Performs division of the first operand by the second, storing the result in the destination. The operation halts if division by zero is attempted.

For integer types, this operation performs truncated division. Truncated division rounds towards zero, regardless of the sign of the operands. This means it cuts off any digits after the decimal, leaving the largest whole number less than or equal to the result.

For example:

1. 7 / 3 yields 2, not 2.3333.
2. -7 / 3 yields -2, not -2.3333.

The operation halts if there is an underflow.
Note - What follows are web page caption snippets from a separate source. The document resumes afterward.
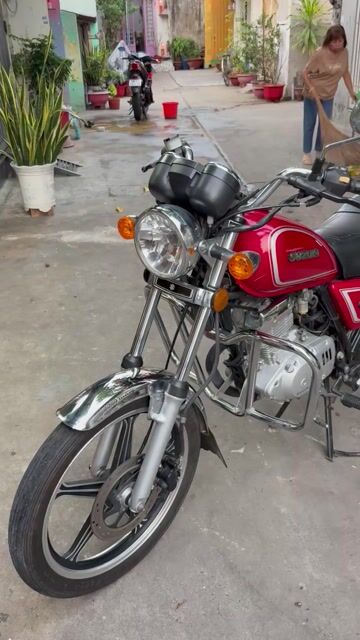 Suzuki GN 125 2018 Đỏ 17.000km BSTP Zin 99%. Mua bán Xe máy tại Quận Bình Tân Tp Hồ Chí Minh được đăng bởi Cửa Hàng Xe Máy Gia Kiệt hình 1
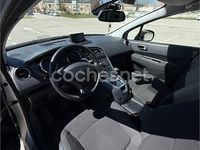 Usado Peugeot 5008 112 CV (82 kW) 2012 Gris / plata Monovolumen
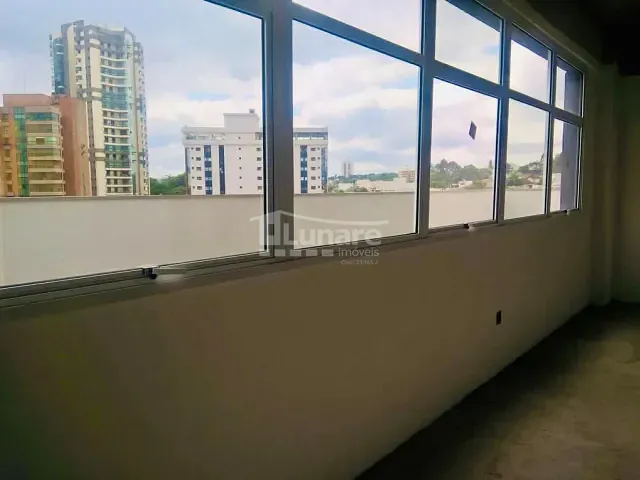 Sala com 203m², à venda, no bairro Parque Monte Líbano em Mogi das Cruzes
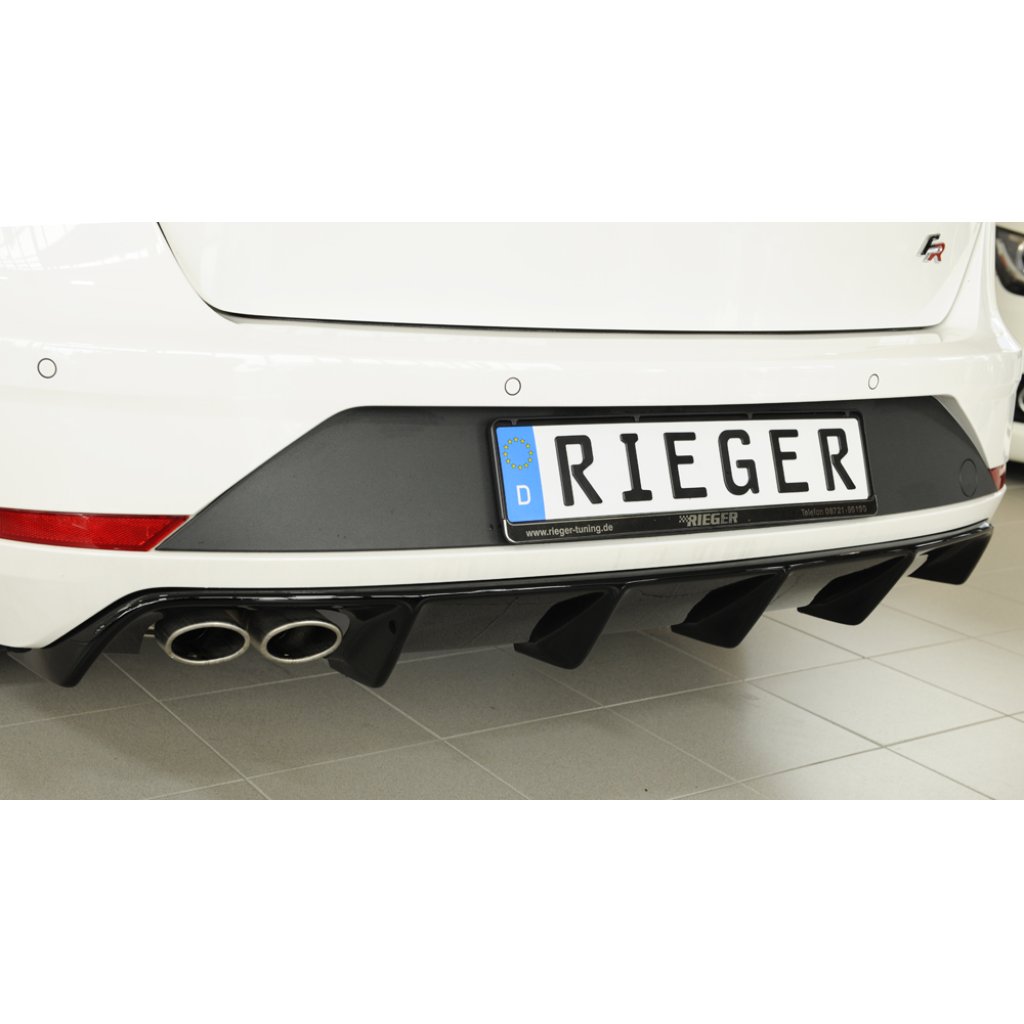 Rieger vložka zadního nárazníku pro Seat Leon FR 5F 5-dvéř. (ST/Combi) po faceliftu, plast ABS lakovaný do černé lesklé barvy, pro dvojitou koncovku vlevo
Underflow occurs when dividing the minimum value of a signed integer type by -1. For example, -128i8 / -1i8 would result in underflow, since 128 cannot be represented as an i8.
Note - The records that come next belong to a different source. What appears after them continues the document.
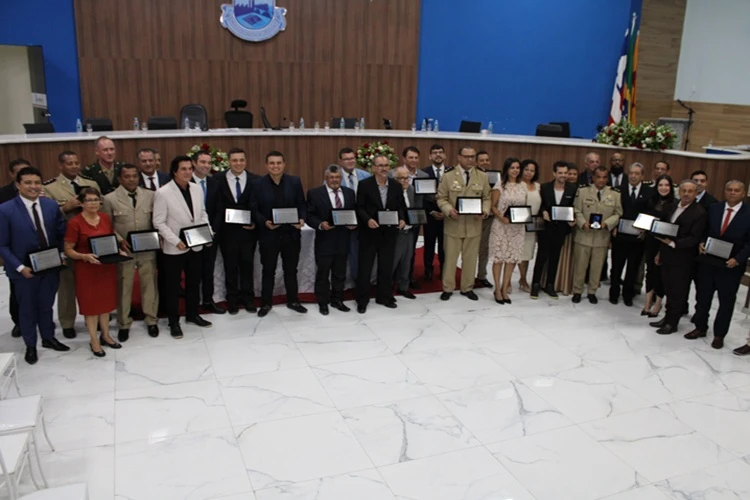 Câmara Municipal de Brumado encerra ano legislativo e entrega 24 honrarias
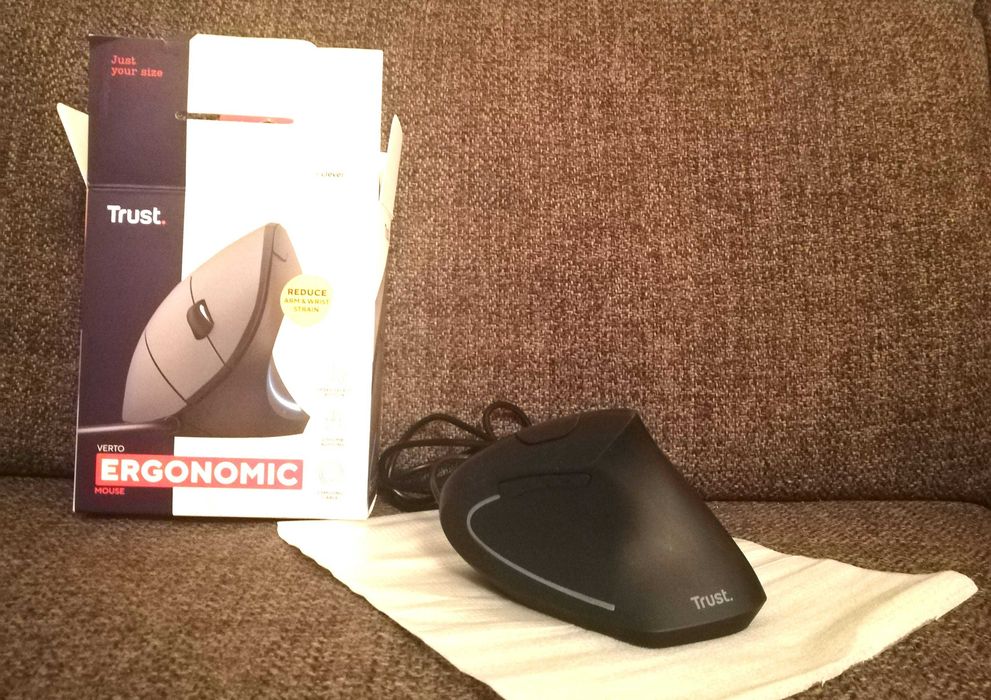 Trust - Ergonomic Vertical Mouse (New Item)64739841254145120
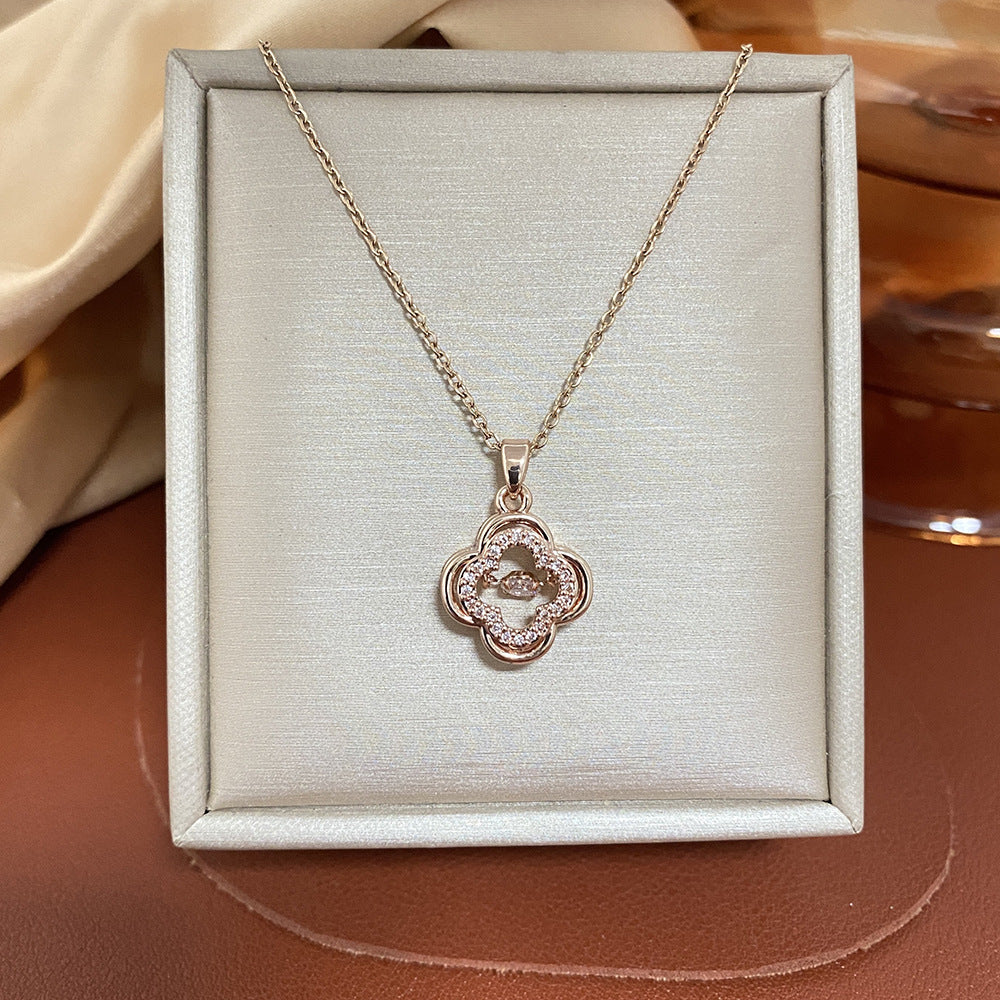 Collana con ciondolo a quadrifoglio minimalista da donna in acciaio al titanio con finitura placcata su catena a O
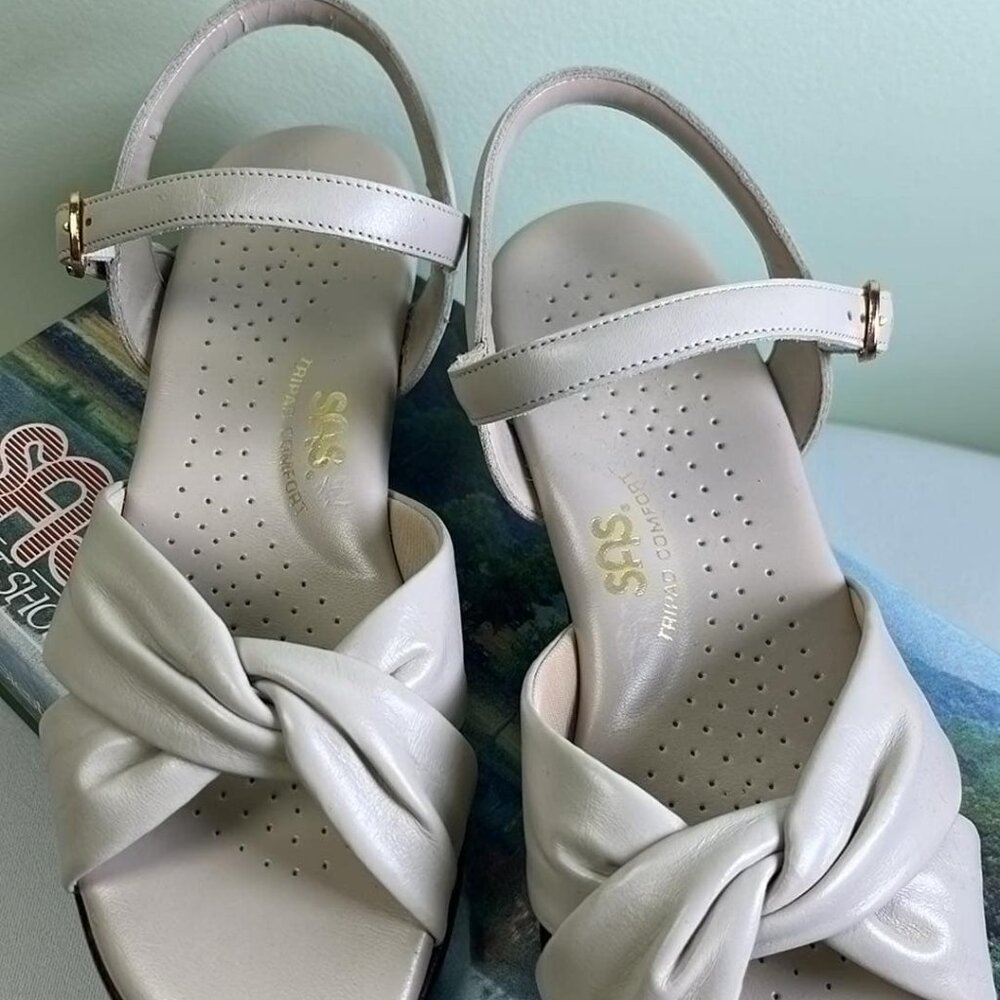 SAS Twist Again Bone Sandals In Box SZ 7.5M Comfort Shoes Stylish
For field types, division a / b is well-defined for any field values a and b except when b = 0field.

For cases where wrapping semantics are needed for integer types, see the div_wrapped instruction.

Supported Types

div_wrapped​

let a: i8 = -128i8;
let b: i8 = a.div_wrapped(-1i8); // -128i8

Description​

Divides first by second, wrapping around at the boundary of the type, and storing the outcome in destination.

Supported Types

double​

let a: group = (0, 4)group;
let b: group = a.double();

Description​

Doubles the input, storing the outcome in destination.

Supported Types

gt​

let a: bool = 2u8 > 1u8; // true
let b: bool = 1u8.gt(1u8); // false

Description​

Checks if first is greater than second, storing the result in destination.

Supported Types

gte​

let a: bool = 2u8 >= 1u8; // true
let b: bool = 1u8.gte(1u8); // true

Description​

Checks if first is greater than or equal to second, storing the result in destination.

Supported Types

inv​

let a: field = 1field.inv();

Description​

Computes the multiplicative inverse of the input, storing the outcome in destination.

Supported Types​

eq​

let a: bool = 1u8 == 1u8; // true
let b: bool = 1u8.eq(2u8); // false

Description​

Compares first and second, storing the result in destination.

Supported Types

neq​

let a: bool = 1u8 != 1u8; // false
let b: bool = 1u8.neq(2u8); // true

Description​

Returns true if first is not equal to second, storing the result in destination.

Supported Types

lt​

let a: bool = 1u8 < 2u8; // true
let b: bool = 1u8.lt(1u8); // false

Description​

Checks if first is less than second, storing the outcome in destination.

Supported Types

lte​

let a: bool = 1u8 <= 2u8; // true
let b: bool = 1u8.lte(1u8); // true

Description​

Checks if first is less than or equal to second, storing the outcome in destination.

Supported Types

mod​

let a: u8 = 3u8.mod(2u8); // 1u8

Description​

Takes the modulus of first with respect to second, storing the outcome in destination. Halts if second is zero.

The semantics of this operation are consistent with the mathematical definition of modulo operation.

Supported Types

mul​

let a: u8 = 2u8 * 2u8; // 4u8
let b: u8 = a.mul(2u8); // 8u8

Description​

Multiplies first with second, storing the outcome in destination.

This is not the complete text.